--- Your task ---
Every line from the one with "RUEDA DE PRENSA, INFORME" to the one with "Calendar view of", including those two, is to be copied exactly; all other lines of the entries below are left out.

* * * *

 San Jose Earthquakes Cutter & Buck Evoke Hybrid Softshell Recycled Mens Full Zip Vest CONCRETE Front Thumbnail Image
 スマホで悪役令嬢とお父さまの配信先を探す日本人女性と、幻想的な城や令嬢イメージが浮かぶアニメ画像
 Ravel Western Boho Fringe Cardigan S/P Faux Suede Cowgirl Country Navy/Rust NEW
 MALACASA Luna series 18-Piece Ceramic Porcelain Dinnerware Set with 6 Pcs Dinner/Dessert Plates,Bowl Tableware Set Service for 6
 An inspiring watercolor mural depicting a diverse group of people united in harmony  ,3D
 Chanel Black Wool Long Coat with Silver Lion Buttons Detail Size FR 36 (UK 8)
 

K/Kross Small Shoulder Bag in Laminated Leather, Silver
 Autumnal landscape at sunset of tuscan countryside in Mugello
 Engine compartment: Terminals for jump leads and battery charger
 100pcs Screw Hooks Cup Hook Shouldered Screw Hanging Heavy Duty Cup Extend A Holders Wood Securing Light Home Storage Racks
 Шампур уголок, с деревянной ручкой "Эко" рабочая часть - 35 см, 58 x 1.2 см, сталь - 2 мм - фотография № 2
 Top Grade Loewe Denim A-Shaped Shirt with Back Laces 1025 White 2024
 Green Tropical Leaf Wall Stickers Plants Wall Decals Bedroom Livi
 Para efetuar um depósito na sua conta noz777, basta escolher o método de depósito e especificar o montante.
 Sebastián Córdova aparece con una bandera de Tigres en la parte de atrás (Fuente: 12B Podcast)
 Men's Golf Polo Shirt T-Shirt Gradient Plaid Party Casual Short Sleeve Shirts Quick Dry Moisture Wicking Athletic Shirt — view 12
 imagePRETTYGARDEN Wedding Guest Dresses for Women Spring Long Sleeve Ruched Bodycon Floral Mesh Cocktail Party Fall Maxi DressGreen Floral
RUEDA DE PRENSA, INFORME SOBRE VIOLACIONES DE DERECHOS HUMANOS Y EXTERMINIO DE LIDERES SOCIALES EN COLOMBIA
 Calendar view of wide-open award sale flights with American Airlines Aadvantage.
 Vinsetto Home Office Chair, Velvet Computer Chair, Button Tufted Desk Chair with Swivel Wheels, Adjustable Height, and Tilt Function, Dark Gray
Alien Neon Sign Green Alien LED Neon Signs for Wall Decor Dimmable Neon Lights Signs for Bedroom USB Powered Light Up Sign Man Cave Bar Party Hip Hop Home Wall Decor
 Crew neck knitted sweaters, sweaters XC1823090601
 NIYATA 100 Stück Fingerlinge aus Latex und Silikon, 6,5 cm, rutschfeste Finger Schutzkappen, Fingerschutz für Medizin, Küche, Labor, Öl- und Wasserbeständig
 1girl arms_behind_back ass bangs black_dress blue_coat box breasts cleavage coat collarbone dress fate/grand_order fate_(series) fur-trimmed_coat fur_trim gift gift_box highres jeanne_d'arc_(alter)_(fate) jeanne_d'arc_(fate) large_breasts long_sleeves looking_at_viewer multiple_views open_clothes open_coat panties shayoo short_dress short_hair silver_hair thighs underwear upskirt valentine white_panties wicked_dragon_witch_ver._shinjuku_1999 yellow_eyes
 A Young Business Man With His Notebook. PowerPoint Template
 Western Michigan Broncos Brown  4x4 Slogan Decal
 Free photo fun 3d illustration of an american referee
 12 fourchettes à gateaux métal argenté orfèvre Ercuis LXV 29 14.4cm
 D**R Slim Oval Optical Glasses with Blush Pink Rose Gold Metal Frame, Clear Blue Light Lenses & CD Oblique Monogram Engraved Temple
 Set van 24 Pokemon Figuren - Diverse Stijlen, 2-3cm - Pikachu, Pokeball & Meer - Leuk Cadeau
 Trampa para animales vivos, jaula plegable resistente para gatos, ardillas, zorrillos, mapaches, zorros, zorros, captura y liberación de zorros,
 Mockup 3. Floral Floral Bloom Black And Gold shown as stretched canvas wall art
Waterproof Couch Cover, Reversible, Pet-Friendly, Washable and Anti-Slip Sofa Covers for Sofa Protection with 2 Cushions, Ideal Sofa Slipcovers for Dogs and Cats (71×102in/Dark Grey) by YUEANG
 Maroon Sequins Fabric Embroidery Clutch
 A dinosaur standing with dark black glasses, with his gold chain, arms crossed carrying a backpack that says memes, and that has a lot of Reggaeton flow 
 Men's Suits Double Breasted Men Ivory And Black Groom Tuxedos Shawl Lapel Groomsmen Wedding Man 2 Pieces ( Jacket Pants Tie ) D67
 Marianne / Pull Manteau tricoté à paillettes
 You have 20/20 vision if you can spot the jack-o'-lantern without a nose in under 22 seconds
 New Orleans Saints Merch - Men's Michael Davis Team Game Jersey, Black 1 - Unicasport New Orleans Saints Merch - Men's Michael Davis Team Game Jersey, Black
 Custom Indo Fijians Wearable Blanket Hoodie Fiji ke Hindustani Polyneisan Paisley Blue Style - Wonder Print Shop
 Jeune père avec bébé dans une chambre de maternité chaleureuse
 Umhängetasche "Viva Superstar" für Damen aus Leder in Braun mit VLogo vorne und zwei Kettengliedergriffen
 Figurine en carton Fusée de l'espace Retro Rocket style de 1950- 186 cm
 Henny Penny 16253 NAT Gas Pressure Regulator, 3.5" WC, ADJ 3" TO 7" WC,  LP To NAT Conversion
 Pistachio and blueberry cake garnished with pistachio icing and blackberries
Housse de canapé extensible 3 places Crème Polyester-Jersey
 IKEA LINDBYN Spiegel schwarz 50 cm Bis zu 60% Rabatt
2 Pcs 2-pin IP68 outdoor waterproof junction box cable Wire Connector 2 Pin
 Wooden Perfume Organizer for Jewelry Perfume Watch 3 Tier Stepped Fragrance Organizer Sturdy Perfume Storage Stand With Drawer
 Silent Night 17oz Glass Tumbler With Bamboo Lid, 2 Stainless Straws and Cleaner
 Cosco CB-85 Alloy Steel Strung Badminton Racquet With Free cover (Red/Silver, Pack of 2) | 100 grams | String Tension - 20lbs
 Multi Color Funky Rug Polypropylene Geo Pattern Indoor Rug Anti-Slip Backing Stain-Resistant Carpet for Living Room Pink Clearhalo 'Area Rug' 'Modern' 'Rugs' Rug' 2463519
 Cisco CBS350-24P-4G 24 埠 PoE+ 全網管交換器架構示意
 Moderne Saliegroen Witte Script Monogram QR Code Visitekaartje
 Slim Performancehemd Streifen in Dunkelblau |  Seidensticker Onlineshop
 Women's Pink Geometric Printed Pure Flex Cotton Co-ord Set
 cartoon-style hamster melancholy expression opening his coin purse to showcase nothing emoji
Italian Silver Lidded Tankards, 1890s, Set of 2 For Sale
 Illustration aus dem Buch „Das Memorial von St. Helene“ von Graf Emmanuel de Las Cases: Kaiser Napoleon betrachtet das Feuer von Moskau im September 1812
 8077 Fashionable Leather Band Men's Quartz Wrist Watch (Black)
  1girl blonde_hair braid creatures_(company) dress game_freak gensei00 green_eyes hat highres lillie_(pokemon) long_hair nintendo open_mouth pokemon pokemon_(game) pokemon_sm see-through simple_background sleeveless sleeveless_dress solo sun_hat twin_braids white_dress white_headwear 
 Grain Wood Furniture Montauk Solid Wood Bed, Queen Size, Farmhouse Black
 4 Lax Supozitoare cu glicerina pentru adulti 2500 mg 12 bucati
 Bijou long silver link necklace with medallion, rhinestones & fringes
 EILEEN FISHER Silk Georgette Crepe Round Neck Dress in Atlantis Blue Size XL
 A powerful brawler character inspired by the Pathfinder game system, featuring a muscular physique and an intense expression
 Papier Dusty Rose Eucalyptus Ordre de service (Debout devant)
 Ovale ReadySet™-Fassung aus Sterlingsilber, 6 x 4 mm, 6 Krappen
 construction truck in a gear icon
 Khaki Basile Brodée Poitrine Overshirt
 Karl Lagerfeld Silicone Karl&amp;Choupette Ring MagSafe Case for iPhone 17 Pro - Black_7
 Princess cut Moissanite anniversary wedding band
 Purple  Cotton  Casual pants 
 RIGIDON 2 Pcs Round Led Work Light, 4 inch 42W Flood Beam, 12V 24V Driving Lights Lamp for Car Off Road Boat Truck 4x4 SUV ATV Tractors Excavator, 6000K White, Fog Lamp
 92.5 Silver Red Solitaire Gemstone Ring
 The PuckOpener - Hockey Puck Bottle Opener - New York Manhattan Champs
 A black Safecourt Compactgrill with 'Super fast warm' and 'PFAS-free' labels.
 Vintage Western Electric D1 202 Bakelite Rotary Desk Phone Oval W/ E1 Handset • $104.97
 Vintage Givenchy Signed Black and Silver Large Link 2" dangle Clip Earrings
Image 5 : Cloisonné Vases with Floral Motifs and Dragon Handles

* * * *

--- Task solution ---
RUEDA DE PRENSA, INFORME SOBRE VIOLACIONES DE DERECHOS HUMANOS Y EXTERMINIO DE LIDERES SOCIALES EN COLOMBIA
 Calendar view of wide-open award sale flights with American Airlines Aadvantage.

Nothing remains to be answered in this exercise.